An R package to establish and work within a data collection framework.

Installation

# install.packages("remotes")
remotes::install_github("dissc-yale/dcf")

Get Started

Projects

Full Projects

A data collection project ultimately consists of source and bundle projects:

- collection_project
  - data
    - source_a
    - bundle_a

Start by initializing the overall project:

dcf_init("collection_project")

Then add a source project, which will ingest data from a single source, and produce a standardized data file:

dcf_add_source("source_a", "collection_project")

And add a bundle project, which will use the standardized source files to produce a data product:

dcf_add_bundle("bundle_a", "collection_project")

Standalone projects

source and bundle projects can also exist on their own, outside of a full project.

This might be useful if a source project is particularly big, takes a while to run, or has some special processes you want to build up outside of a full project.

Standalone bundle projects might be useful as a way to make more independent and/or varied outputs from a single full collection project.
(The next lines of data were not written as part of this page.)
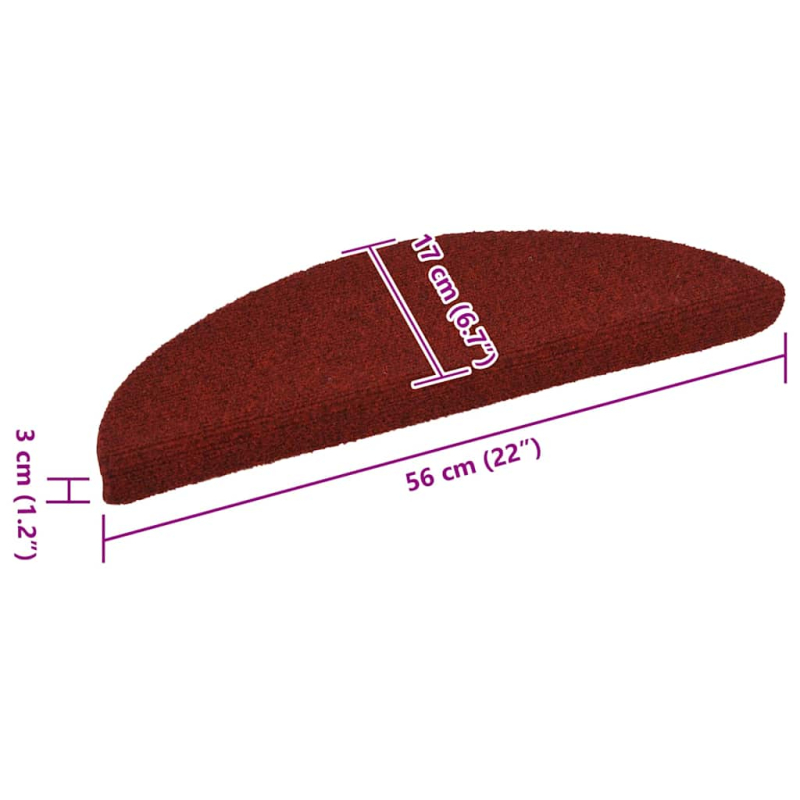 15 Stk. Selbstklebende Treppenmatten Nadelvlies 56x17x3cm Rot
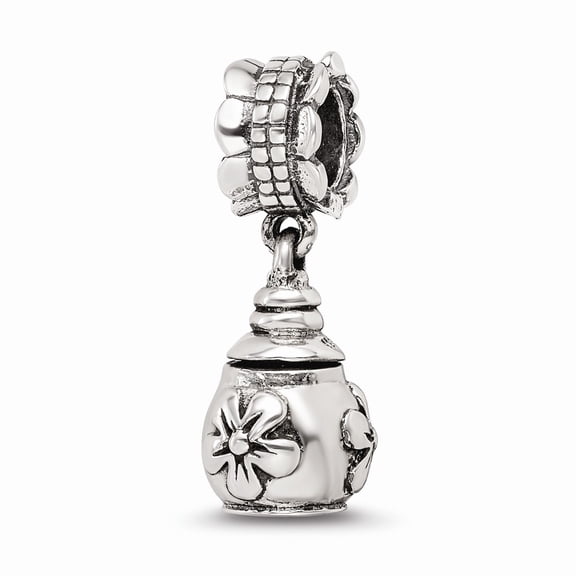 925 Sterling Silver Reflections Floral Ash Dangle Bead; for Adults and Teens; for Women and Men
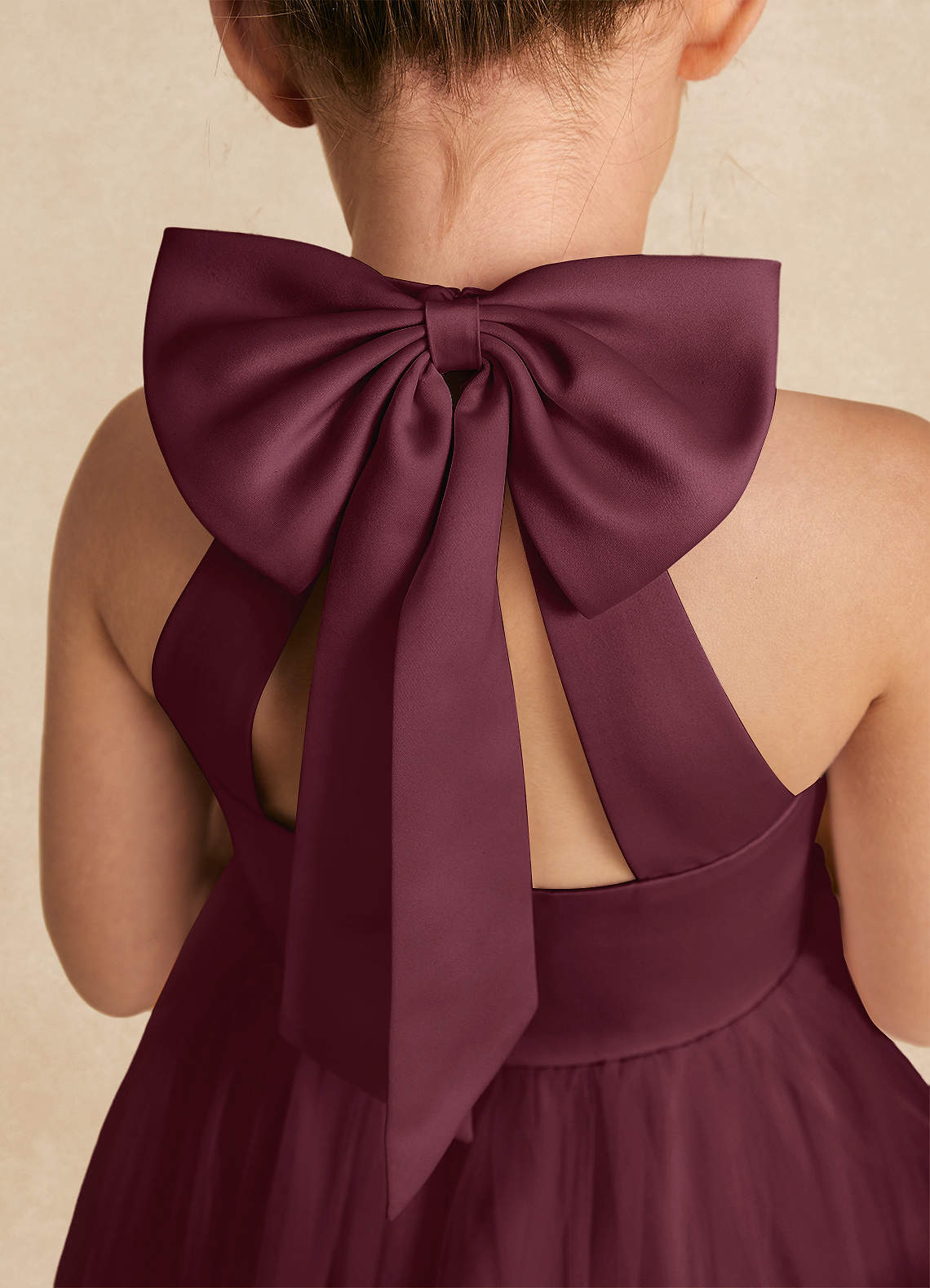 Azazie Bev Flower Girl Dresses Cabernet A-Line Convertible Tulle Dress image4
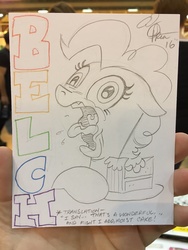 Size: 768x1024 | Tagged: safe, artist:andypriceart, pinkie pie, earth pony, pony, g4, bite mark, burp, cake, female, food, mare, solo, traditional art, wavy mouth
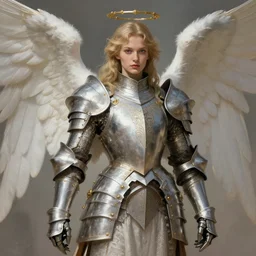 portrait of an angel in knights armor, solarpunk, baldurs gate! intricate, elegant, highly detailed, ray tracing, digital painting, artstation, concept art, smooth, sharp focus, illustration, art by artgerm and greg rutkowski and alphonse mucha, 8 k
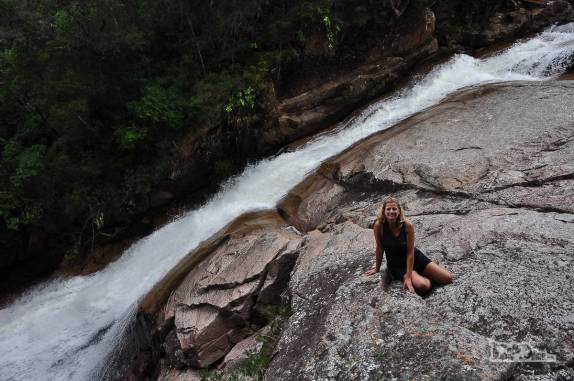 O rio das cachoeiras do rio Vermelho, na Várzea do Braço, em Santo Amaro da Imperatriz, perto de Florianópolis, em Santa Catarina
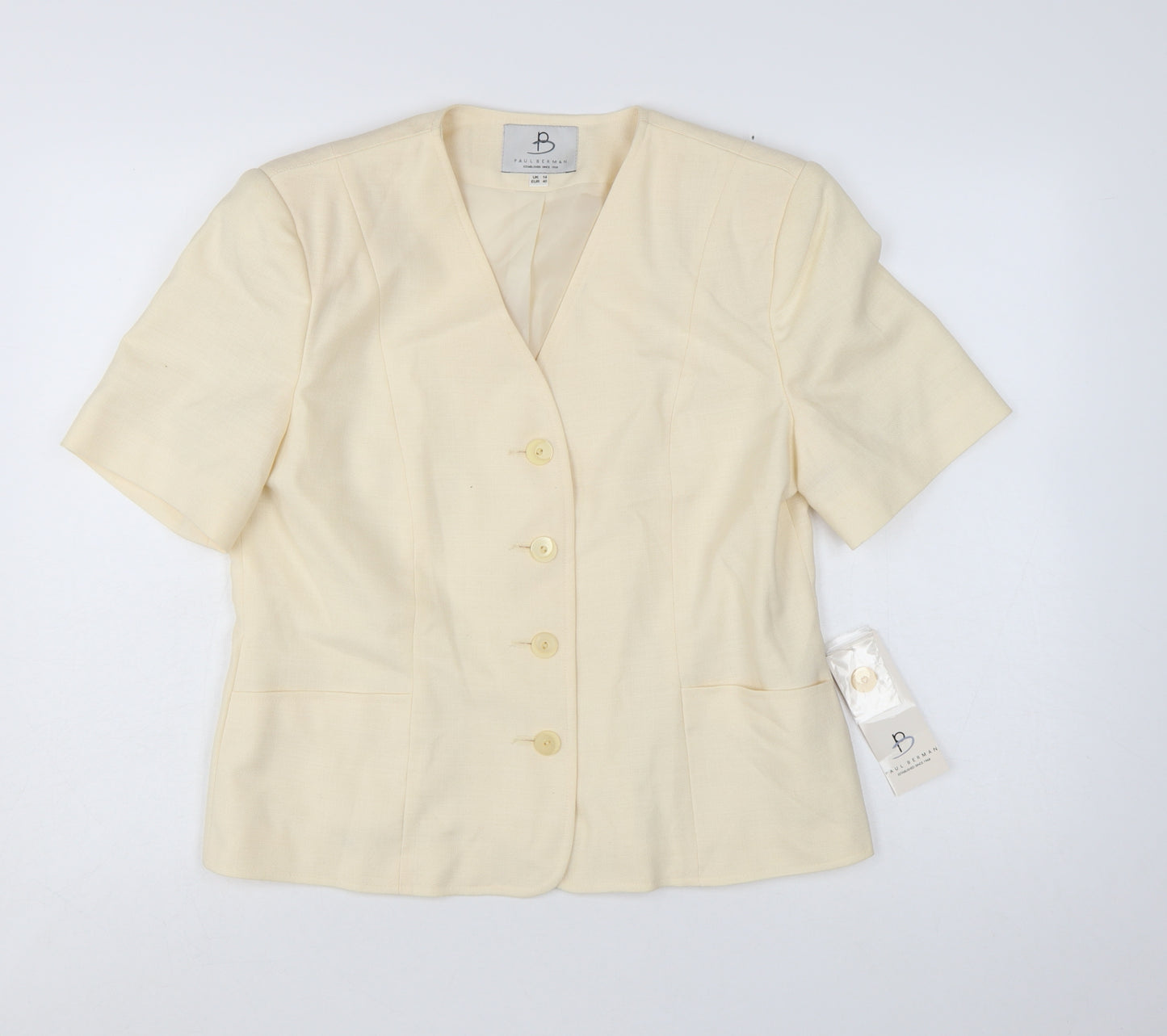 Paul Berman Womens Beige Short Sleeve Suit Jacket UK 14 Classic Fit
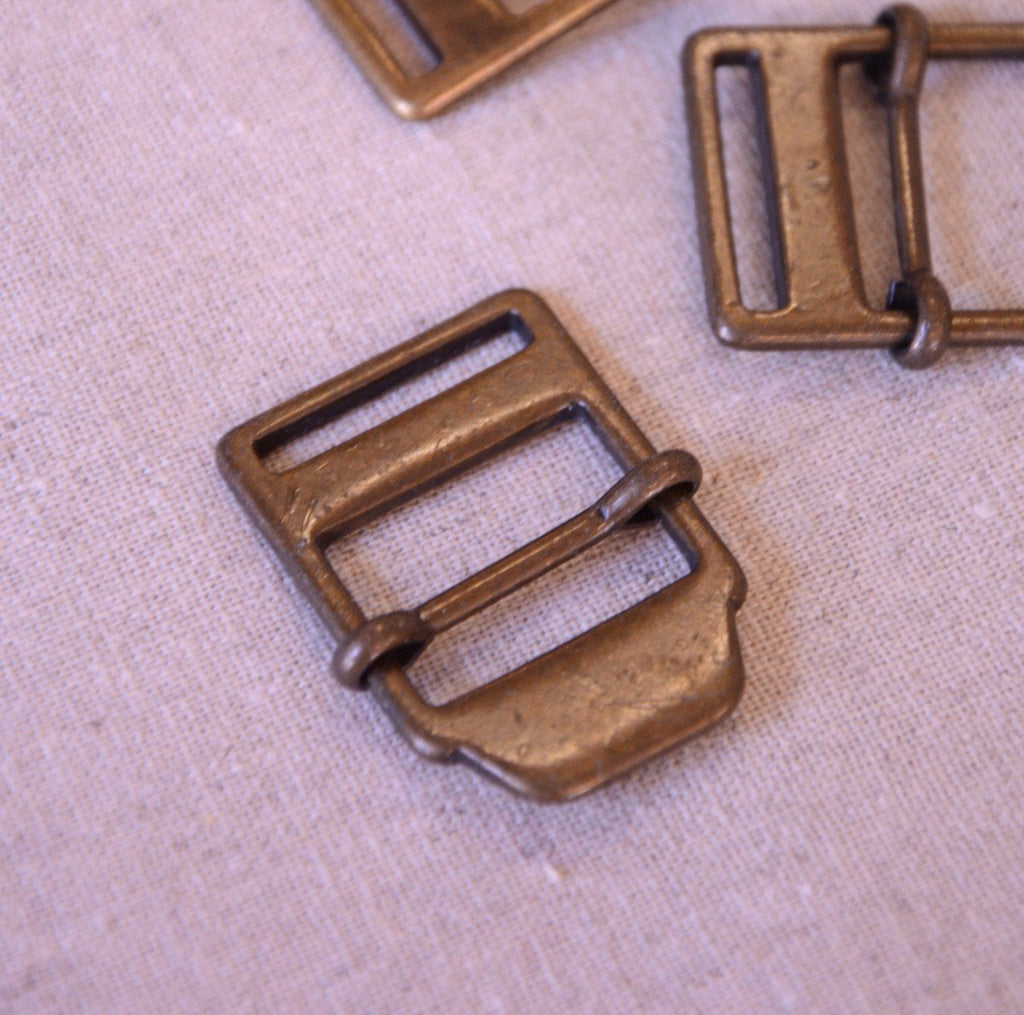 Slider Buckle - Moving and Fixed Bar - Antique Brass - The Eternal Maker - UK Fabric Shop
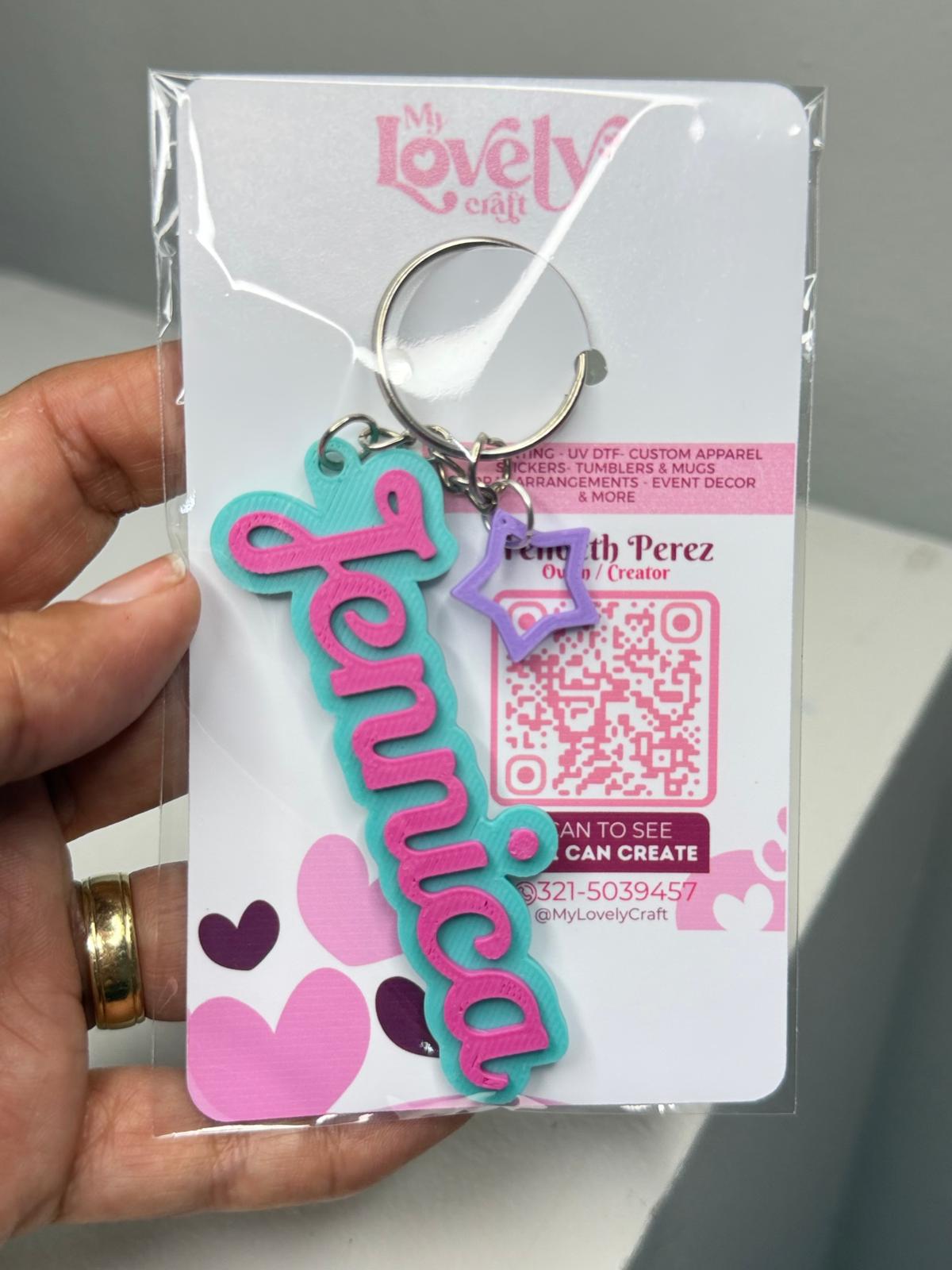 Custom Keychain 3D-Printed Name Tags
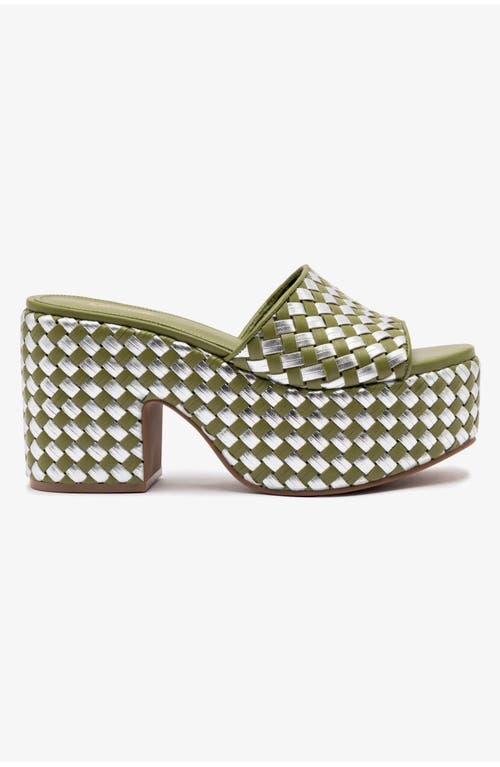 Larroude Larroudé Woven Leather Miso Platform Sandal In Green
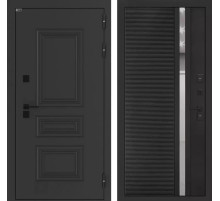 Входная дверь Аляска Лайт 31 - Черный кварц, зеркальная вставка с тонировкой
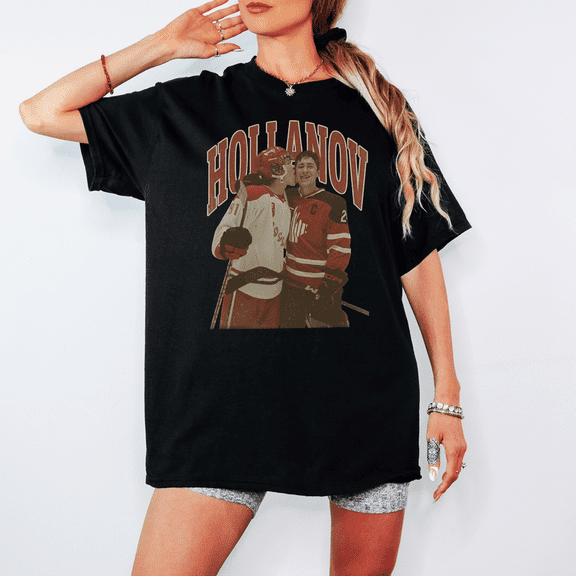 Hollanov Hockey Fan T-Shirt | Vintage Sports Couple Graphic Tee | Retro Hockey Romance Apparel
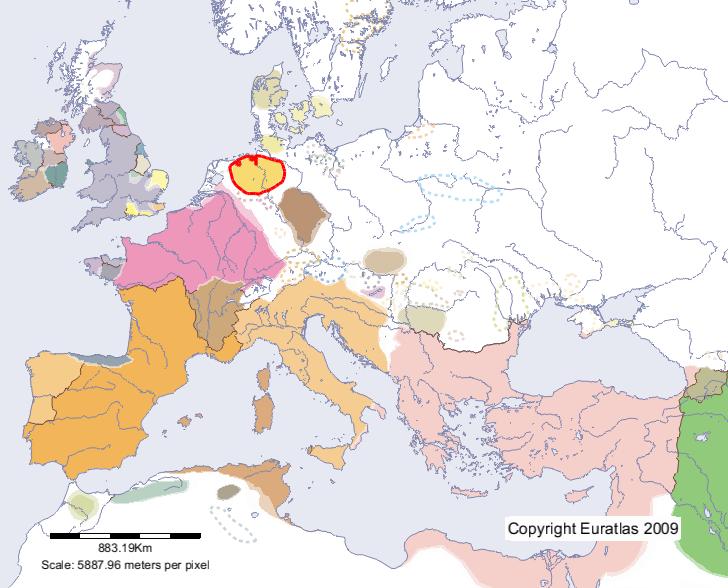 Map of Saxones in year 500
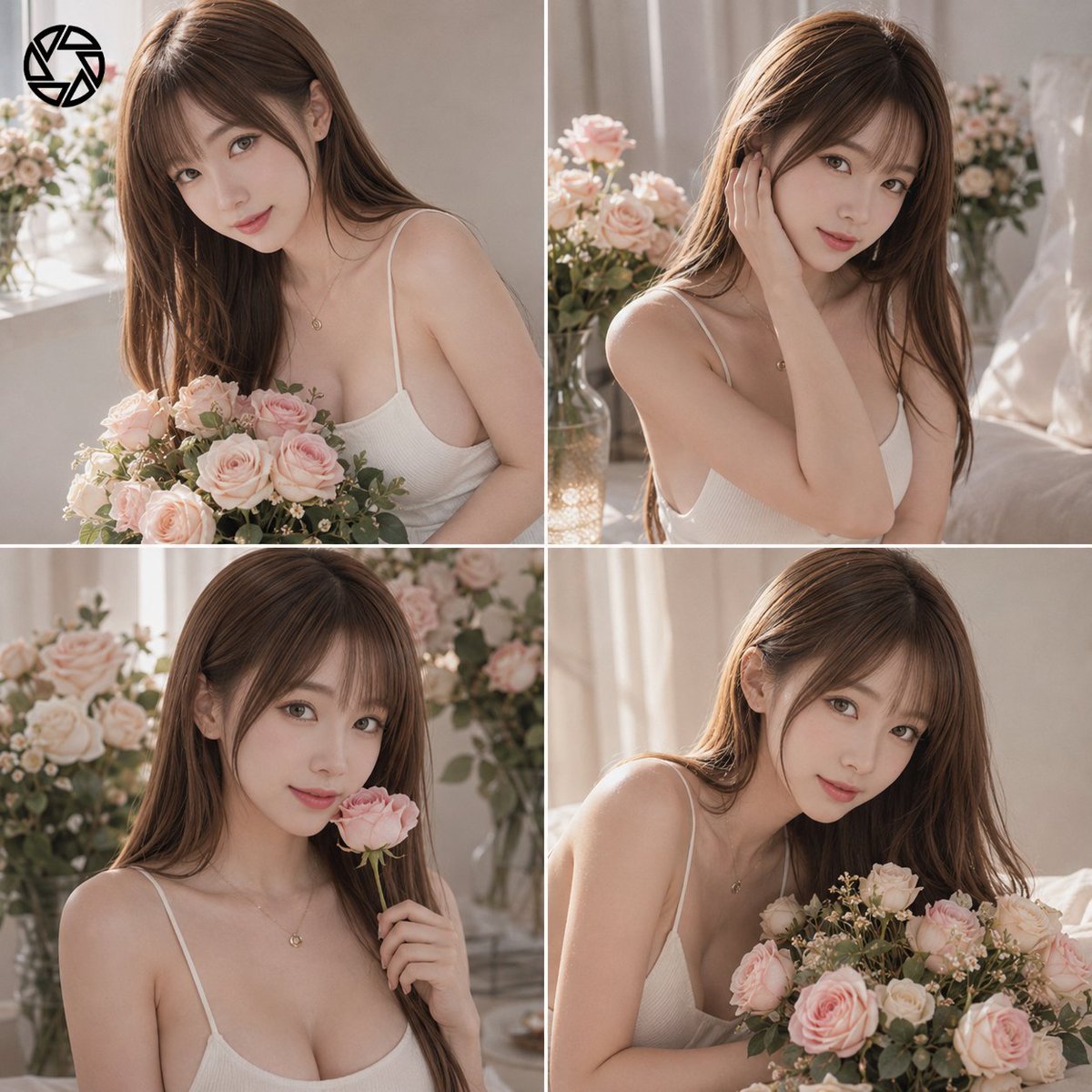 高端四图时尚编辑拼贴，以精致的杂志版面布局呈现。参考女性被腮红粉色玫瑰环绕，置于光线柔和的影棚中，采用自然窗光照明。每一个分格都捕捉不同的姿态与表情，同时保持…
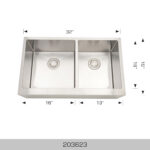 BOSCO 203623 Deluxe Series 32″ Kitchen Sink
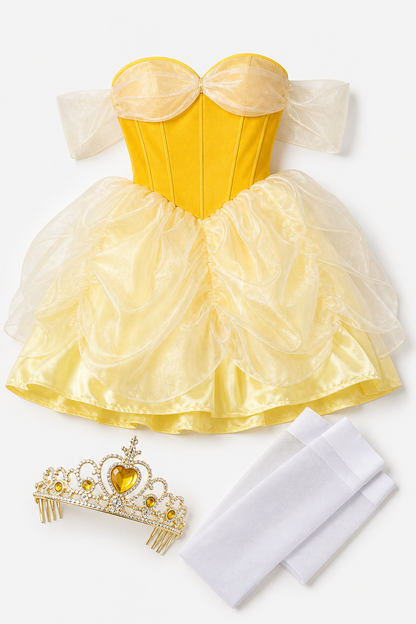 Golden princess dress with crown and white stockings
The dcf_add_source and dcf_add_bundle functions can be used to initialize these standalone projects, and the dcf_build, dcf_process, and dcf_check functions work the same on them.

Processing

Once the source and bundle scripts have been written, the project can be built:

dcf_build("collection_project")

This runs dcf_process and dcf_check on each sub-project, then writes a report to collection_project/report.json.gz, which includes processing details (like logs and timing) and metadata from the standardized data files.